Second, there is some evidence OCFS failed to monitor the workplace. According to the EODD report, Lucky had “advised Mr. Davis that he was in the CSU too much, where he is off camera,” and that “[b]oth Mr. Smith and Mr. Lucky stated that they advised male staff not to talk to female staff off-camera.” (EODD Report at 7). Yet plaintiff’s testimony suggests this is exactly what happened—Davis was frequently in the CSU with plaintiff when he engaged in the allegedly harassing behavior toward her. This occurred despite the fact that Lucky apparently knew Davis was “ ‘too chummy with other staff,’ and ‘too informal.’ ” (Id.).
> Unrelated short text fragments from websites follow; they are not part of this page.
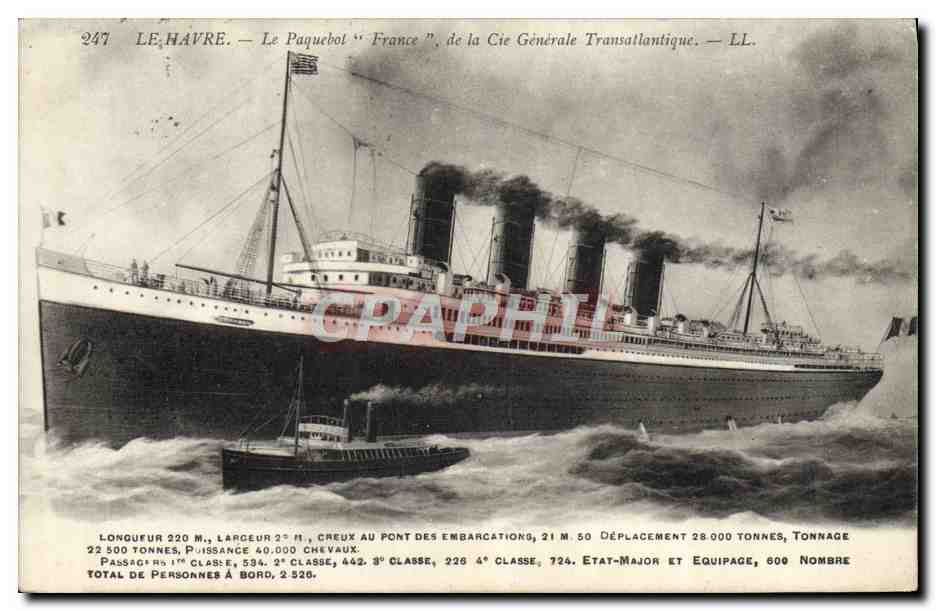 Le Havre — Le Paquebot "France", de la Cie Générale Transatlantique — LL. N° 247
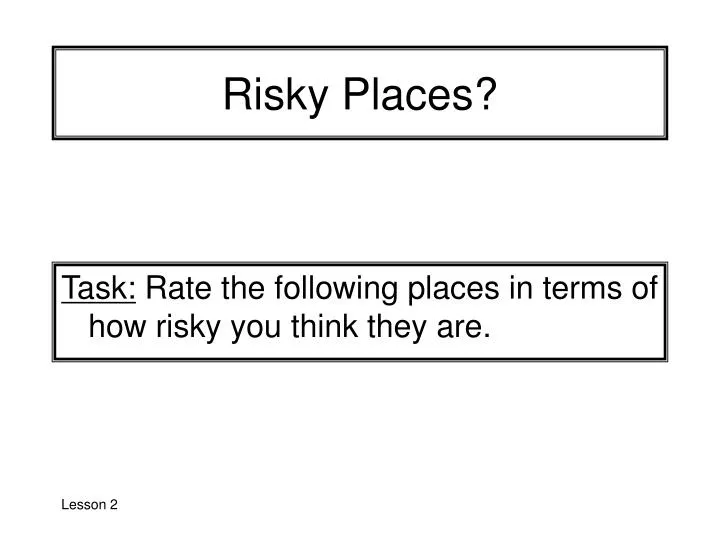 risky places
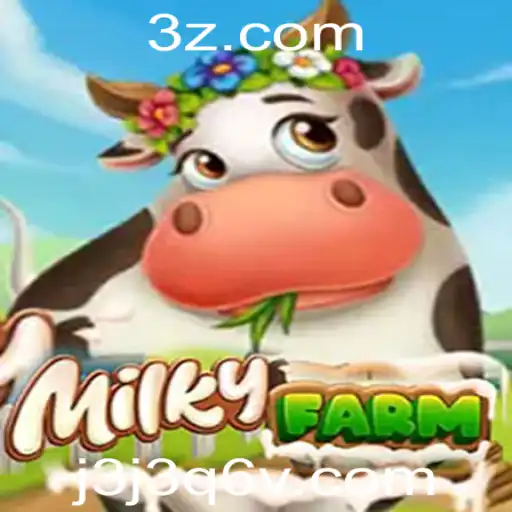 Tudo sobre MilkyFarm: Uma Exploração do Popular Jogo de Fazenda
In other words, OCFS may have imposed appropriate restrictions, but there is evidence it failed to enforce those restrictions.
Third, there is some evidence OCFS did not provide an adequate system for registering complaints. Although OCFS has an employee handbook containing internal complaint procedures, there is a question as to whether plaintiff received the entire handbook initially. (See e.g., Kenney Dep. at 28.). In addition, regardless of whether plaintiff had a copy of the handbook, the EODD report casts doubt on how well it was disseminated and explained. Specifically, the report notes that the investigation “revealed a lack of information provided to new hires as to their rights and recourse regarding a workplace free from discrimination,” and “recommend[ed] a review of new employee training in this regard.” (EODD Report at 8). Finally, the casual way in which Lucky first responded to plaintiff’s original complaint in December 2014 or early January 2015 and then the way he told plaintiff on June 25, 2015, about the decision to return Davis to work—without telling her they would be assigned to different shifts—provides additional evidence of a lax system for addressing complaints at Red Hook.
Therefore, the court concluded that questions of fact precluded summary judgment on the issue of whether OCFS was negligent in controlling working conditions.